A harness worn in a steel fabrication shop, a gravel pit, or a concrete plant inevitably gets dragged in the dirt, soaked in oil, and covered in concrete slurry. The problem is not the dirt on the surface; it is the dirt trapped inside the weave. The silica grit from concrete, metal shavings from grinding, and sand from the ground work their way deep into the spaces between the fibers.
When the worker climbs, adjusts their gear, or, most critically, when they fall and arrest, the webbing stretches and elongates rapidly. Under this tension, the grit acts like microscopic sandpaper.
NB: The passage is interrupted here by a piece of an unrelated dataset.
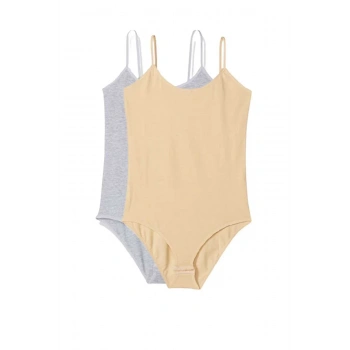 2 Adet İp Askılı Kadın Çıtçıtlı Body Gri ve Ten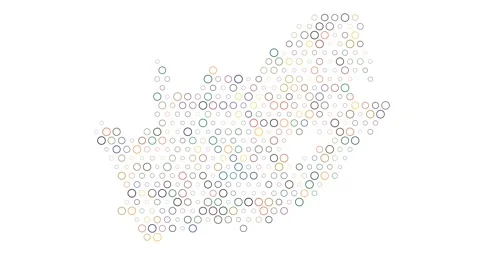 Digital Dots Create Map of South Africa Stock Footage 312552610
The trapped particles grind against the individual fibers, shearing them one by one. This is called internal abrasion. From the outside, the webbing looks fuzzy or faded, but structurally, the load-bearing fibers have been cut to a fraction of their original strength.
A worker falls, and the harness, loaded with mud, snaps at the stress point because the internal integrity is gone. Maintenance is critical. You must inspect the webbing by gently flexing it to separate the fibers. Look for "fuzzing" where the fibers are breaking on the surface, or hard, gritty lumps inside the weave. Never wash a harness in a washing machine-the agitation destroys the fibers. Wash it by hand with mild soap and water, scrubbing the webbing to lift out the abrasive grit. If the webbing is stiff, heavily stained, or feels like it has internal grit that won't wash out, the harness must be destroyed. A clean harness is a strong harness; a dirty harness is a broken strap waiting to drop you.